(TASK TO COMPLETE):
Down to the last line of the listing, starting at the one with "Tu-720rearYuzno", retype each line exactly. Do not copy the pictures.

(DATA LISTING):
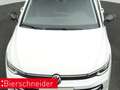 Volkswagen Golf 8 1.5 eTSI DSG Goal LED+ NAVI KAMERA ACC SHZ Weiß - thumbnail 26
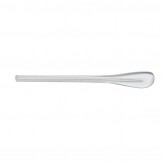 Bügelenden Bohrung Ø 1,45 mm Farblos 5 Paar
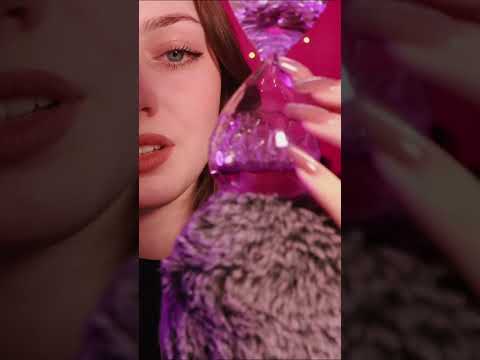 Water clock #asmr #asmrsounds #asmrrelax #asmrtingles #asmrsleep #relax #tingles #whispers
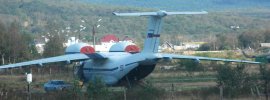 Tu-720rearYuzno
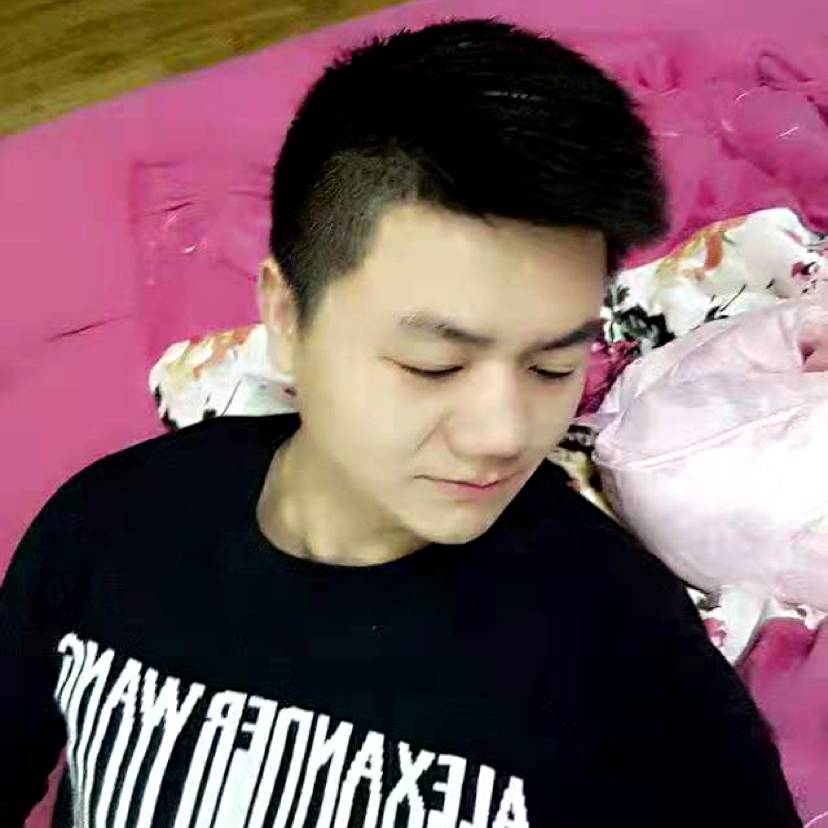 故事的小黄花..的照片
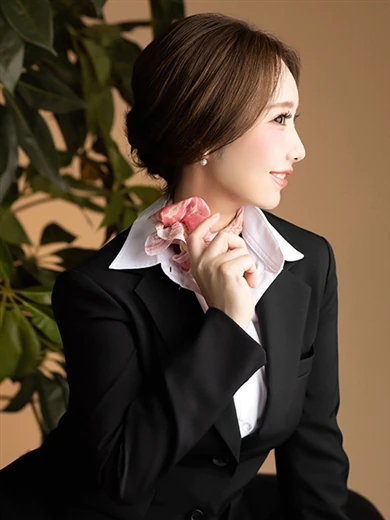 一条 紗子 プロフィール画像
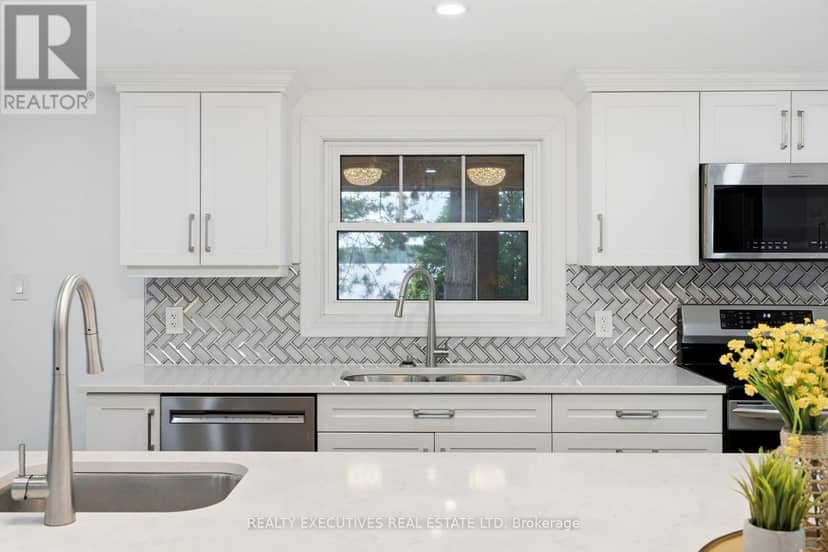 1014A Brewer Road — photo 12 of 40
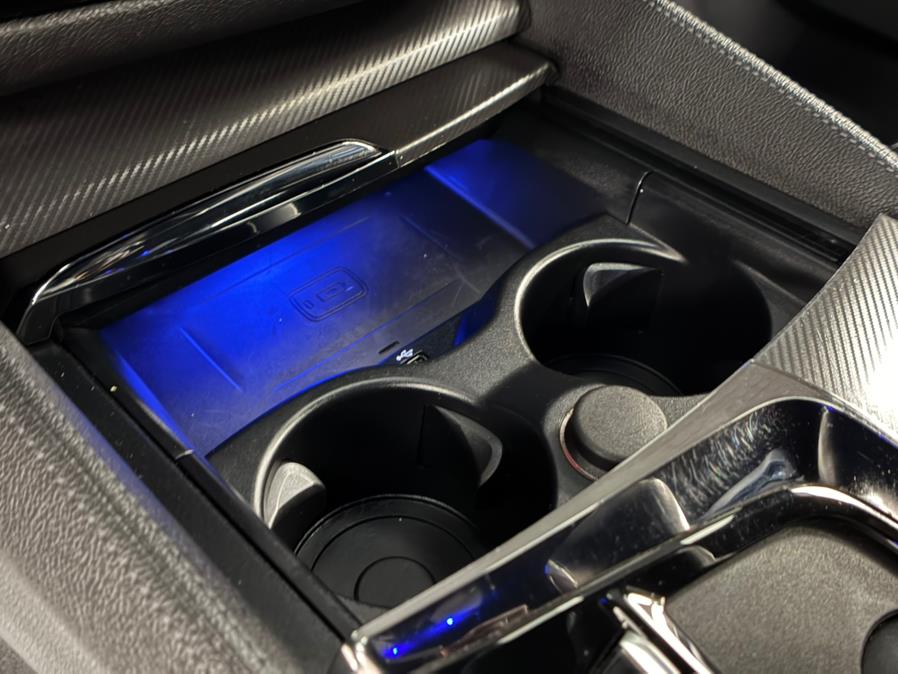 2018 BMW M5 Sedan, available for sale in Massapequa Park, New York | Power Motors East. Massapequa Park, New York 2018 BMW M5 Sedan, available for sale in Massapequa Park, New York | Power Motors East. Massapequa Park, New York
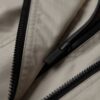 Giacca Code SD-Windcheater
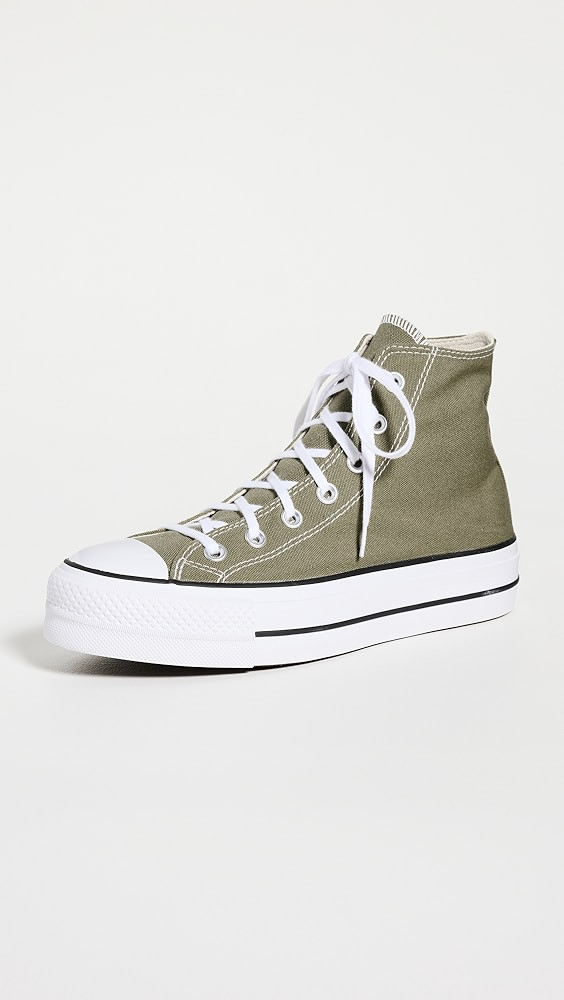 Converse | Shopbop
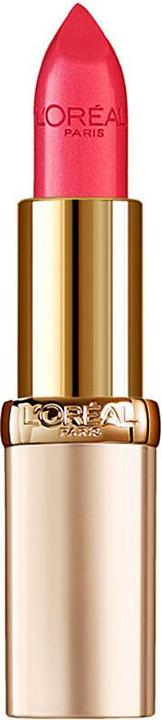 Produktbild L'Oréal Paris Color Riche (453 Rose Crème)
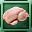 Uncooked Chicken-icon.png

(ANSWER BELOW):
 Tu-720rearYuzno
 故事的小黄花..的照片
 一条 紗子 プロフィール画像
 1014A Brewer Road — photo 12 of 40
 2018 BMW M5 Sedan, available for sale in Massapequa Park, New York | Power Motors East. Massapequa Park, New York 2018 BMW M5 Sedan, available for sale in Massapequa Park, New York | Power Motors East. Massapequa Park, New York
 Giacca Code SD-Windcheater
 Converse | Shopbop
 Produktbild L'Oréal Paris Color Riche (453 Rose Crème)
 Uncooked Chicken-icon.png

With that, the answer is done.